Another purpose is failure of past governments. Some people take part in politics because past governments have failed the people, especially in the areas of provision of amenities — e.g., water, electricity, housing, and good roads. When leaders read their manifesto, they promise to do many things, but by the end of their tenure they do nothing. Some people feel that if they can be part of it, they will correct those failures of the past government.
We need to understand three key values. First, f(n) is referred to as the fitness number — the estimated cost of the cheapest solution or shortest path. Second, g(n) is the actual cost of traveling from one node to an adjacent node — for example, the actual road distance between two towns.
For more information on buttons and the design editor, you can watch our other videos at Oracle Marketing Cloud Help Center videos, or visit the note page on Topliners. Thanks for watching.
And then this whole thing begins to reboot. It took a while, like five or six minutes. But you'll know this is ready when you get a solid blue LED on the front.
■ ■ ■ ■ ■
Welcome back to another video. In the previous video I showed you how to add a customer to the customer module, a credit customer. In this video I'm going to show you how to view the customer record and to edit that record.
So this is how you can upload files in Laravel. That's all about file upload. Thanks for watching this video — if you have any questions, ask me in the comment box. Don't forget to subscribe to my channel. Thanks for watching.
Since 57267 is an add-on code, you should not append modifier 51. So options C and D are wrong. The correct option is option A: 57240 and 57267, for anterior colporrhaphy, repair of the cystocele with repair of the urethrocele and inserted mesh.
■ ■ ■ ■ ■
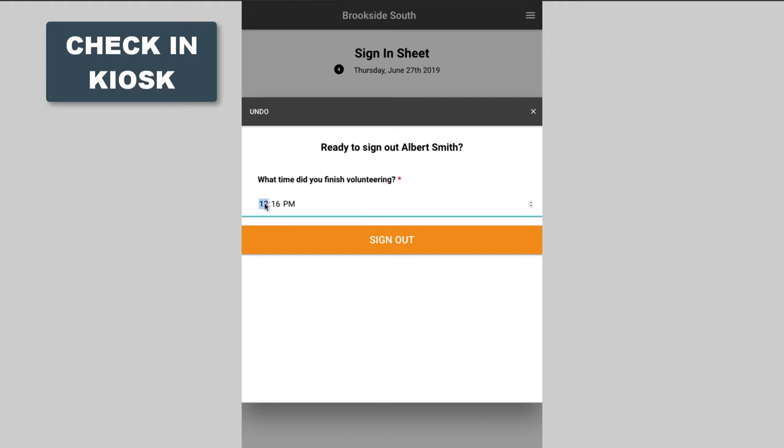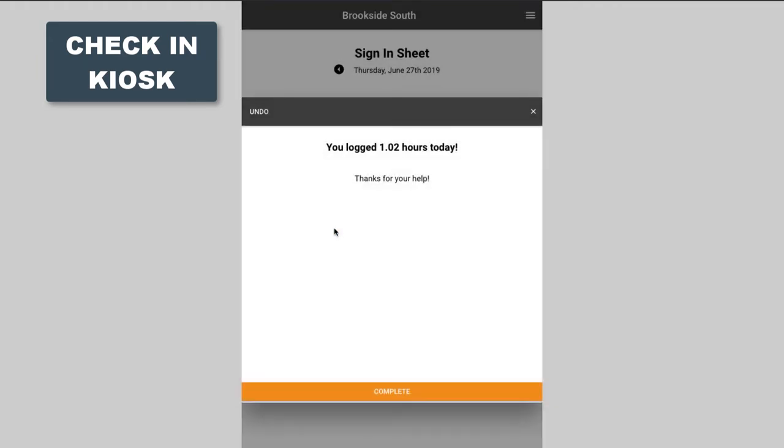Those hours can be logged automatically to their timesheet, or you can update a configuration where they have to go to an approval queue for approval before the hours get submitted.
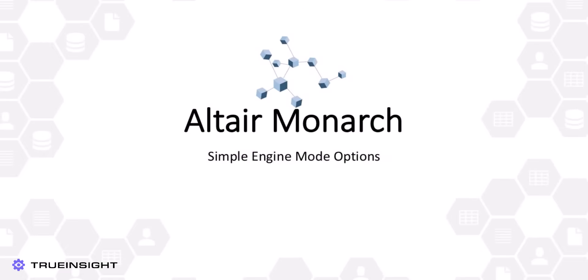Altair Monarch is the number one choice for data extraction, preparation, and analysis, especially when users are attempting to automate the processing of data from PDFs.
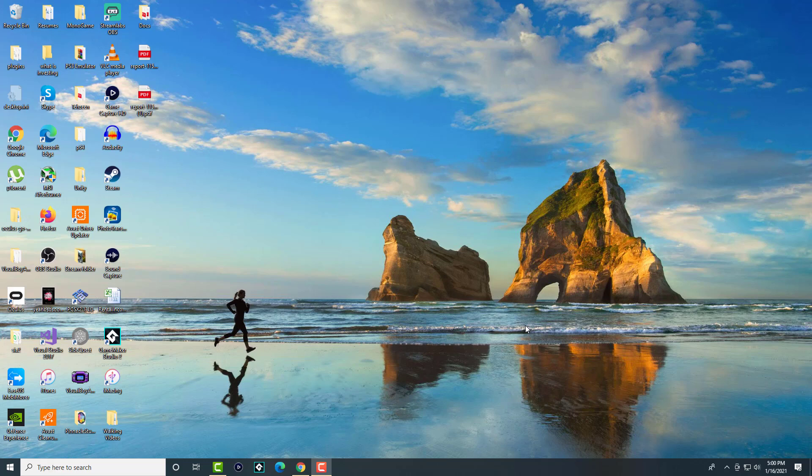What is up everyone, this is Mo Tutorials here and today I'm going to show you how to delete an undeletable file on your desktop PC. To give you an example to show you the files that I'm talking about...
■ ■ ■ ■ ■
Work to complete
Please copy the lines above from the line with "We need to understand" up to and including the line with "And then this", exactly as written and with nothing else.

Answer to the exercise
We need to understand three key values. First, f(n) is referred to as the fitness number — the estimated cost of the cheapest solution or shortest path. Second, g(n) is the actual cost of traveling from one node to an adjacent node — for example, the actual road distance between two towns.
For more information on buttons and the design editor, you can watch our other videos at Oracle Marketing Cloud Help Center videos, or visit the note page on Topliners. Thanks for watching.
And then this whole thing begins to reboot. It took a while, like five or six minutes. But you'll know this is ready when you get a solid blue LED on the front.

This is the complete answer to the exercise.